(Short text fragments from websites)
================================

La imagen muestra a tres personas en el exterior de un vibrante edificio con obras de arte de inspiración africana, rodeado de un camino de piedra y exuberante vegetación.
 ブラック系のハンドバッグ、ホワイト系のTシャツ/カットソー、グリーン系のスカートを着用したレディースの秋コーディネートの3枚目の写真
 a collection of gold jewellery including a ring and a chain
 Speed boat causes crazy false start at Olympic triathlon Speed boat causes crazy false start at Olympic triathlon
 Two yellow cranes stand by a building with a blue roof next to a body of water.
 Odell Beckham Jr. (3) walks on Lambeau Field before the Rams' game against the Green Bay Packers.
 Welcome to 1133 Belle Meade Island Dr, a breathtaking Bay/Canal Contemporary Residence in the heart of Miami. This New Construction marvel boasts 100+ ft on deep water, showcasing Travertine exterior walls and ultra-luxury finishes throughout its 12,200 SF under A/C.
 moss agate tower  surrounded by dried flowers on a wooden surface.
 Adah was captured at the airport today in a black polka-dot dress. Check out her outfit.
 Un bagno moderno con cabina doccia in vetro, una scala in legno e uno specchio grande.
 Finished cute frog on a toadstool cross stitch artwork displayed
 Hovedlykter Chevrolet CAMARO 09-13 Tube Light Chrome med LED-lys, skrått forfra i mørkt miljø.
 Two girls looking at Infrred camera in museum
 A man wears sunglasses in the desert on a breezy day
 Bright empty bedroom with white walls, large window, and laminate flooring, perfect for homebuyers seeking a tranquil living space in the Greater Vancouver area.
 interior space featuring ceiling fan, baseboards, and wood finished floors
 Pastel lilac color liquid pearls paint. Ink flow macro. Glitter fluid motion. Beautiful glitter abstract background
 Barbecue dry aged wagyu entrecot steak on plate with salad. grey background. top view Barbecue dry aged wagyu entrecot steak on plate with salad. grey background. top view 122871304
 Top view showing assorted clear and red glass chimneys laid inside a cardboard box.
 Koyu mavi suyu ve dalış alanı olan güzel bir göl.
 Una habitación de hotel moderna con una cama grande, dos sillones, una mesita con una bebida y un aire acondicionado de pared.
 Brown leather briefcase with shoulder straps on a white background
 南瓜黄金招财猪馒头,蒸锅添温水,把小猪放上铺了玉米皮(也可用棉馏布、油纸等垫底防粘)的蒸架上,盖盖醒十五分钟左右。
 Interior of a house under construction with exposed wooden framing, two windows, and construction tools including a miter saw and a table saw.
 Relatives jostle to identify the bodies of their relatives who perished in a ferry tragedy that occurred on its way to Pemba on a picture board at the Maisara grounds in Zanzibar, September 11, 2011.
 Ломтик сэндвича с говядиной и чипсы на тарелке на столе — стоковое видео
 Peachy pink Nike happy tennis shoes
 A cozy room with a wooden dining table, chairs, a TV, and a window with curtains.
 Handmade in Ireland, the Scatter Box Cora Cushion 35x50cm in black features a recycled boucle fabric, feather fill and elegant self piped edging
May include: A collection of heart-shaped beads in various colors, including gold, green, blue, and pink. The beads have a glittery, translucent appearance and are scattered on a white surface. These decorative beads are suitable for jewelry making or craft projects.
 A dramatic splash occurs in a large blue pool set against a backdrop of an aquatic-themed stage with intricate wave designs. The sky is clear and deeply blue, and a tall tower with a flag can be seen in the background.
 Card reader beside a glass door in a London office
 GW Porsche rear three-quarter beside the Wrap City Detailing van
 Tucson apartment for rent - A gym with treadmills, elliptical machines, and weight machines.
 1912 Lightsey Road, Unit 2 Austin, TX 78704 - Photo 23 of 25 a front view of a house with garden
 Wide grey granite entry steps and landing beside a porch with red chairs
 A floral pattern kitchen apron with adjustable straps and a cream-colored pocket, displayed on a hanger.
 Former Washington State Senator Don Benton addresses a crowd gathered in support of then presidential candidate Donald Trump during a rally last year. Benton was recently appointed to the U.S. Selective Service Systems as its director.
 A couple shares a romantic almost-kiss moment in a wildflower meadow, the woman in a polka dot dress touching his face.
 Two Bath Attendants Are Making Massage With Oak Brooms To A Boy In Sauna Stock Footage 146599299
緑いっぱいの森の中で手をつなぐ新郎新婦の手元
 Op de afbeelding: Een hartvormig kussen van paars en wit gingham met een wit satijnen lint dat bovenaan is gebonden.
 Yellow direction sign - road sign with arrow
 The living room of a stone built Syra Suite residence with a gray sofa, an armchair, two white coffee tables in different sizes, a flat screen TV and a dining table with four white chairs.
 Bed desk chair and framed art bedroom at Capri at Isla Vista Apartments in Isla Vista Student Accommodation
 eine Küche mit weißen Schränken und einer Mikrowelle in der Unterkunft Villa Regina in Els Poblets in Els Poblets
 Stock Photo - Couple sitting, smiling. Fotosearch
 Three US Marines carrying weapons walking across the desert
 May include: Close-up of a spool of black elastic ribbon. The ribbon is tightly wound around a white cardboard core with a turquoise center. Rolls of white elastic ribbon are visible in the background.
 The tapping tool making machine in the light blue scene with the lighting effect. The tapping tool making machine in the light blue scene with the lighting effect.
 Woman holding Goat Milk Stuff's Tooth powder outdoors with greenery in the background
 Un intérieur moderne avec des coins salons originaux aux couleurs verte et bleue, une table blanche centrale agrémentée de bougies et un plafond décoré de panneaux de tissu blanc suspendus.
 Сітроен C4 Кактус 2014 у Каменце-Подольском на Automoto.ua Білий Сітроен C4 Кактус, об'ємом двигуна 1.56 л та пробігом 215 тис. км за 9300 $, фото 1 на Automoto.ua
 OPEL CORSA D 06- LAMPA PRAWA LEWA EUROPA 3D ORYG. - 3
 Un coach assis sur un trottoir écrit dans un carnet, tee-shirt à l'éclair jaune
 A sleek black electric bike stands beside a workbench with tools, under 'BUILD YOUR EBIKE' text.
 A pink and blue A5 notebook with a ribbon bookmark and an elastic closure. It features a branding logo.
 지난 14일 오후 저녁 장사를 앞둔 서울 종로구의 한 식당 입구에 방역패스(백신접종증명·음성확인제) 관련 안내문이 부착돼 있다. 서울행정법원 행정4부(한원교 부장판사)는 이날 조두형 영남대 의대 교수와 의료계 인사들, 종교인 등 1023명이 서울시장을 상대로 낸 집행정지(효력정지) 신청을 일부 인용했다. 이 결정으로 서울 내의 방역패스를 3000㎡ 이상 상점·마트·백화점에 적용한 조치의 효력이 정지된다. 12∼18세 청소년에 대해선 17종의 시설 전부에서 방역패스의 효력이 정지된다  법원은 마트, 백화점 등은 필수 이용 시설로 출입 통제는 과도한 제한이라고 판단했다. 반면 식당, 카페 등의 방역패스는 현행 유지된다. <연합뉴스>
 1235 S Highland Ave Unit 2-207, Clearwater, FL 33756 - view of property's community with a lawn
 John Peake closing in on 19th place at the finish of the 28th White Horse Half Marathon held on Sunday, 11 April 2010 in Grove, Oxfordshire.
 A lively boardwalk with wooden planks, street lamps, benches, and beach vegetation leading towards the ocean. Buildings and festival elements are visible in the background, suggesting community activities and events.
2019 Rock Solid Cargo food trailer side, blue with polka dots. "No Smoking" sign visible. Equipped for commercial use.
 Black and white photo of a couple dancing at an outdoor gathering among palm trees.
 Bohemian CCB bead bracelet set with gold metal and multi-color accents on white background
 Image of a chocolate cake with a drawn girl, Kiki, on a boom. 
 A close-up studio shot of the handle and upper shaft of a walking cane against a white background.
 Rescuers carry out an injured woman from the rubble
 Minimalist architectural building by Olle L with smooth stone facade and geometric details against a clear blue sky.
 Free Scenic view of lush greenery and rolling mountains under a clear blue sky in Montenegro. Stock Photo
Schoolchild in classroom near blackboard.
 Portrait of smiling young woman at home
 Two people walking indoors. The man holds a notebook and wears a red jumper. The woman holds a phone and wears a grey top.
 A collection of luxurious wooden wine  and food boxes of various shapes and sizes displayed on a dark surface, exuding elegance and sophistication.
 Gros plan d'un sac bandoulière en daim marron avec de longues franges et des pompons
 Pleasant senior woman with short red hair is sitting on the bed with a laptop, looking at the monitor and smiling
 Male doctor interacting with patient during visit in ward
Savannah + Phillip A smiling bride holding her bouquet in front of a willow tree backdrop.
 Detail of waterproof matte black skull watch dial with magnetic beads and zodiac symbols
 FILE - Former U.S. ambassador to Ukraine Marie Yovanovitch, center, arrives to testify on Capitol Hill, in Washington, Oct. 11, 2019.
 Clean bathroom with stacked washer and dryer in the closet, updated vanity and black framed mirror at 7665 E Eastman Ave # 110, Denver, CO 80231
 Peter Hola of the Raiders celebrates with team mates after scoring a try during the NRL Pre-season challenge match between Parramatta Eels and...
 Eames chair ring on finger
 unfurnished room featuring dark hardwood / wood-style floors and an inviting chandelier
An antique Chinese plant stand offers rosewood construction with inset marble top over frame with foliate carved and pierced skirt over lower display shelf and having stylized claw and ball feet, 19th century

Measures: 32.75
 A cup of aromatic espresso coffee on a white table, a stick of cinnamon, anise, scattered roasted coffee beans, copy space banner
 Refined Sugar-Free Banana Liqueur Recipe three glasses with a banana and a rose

================================

**ASSIGNED TASK:** Please reproduce the lines from the line with "Tucson apartment for" to the line with "Former Washington State", both ends included, exactly as they appear above.

**SOLUTION TO THE EXERCISE:**
 Tucson apartment for rent - A gym with treadmills, elliptical machines, and weight machines.
 1912 Lightsey Road, Unit 2 Austin, TX 78704 - Photo 23 of 25 a front view of a house with garden
 Wide grey granite entry steps and landing beside a porch with red chairs
 A floral pattern kitchen apron with adjustable straps and a cream-colored pocket, displayed on a hanger.
 Former Washington State Senator Don Benton addresses a crowd gathered in support of then presidential candidate Donald Trump during a rally last year. Benton was recently appointed to the U.S. Selective Service Systems as its director.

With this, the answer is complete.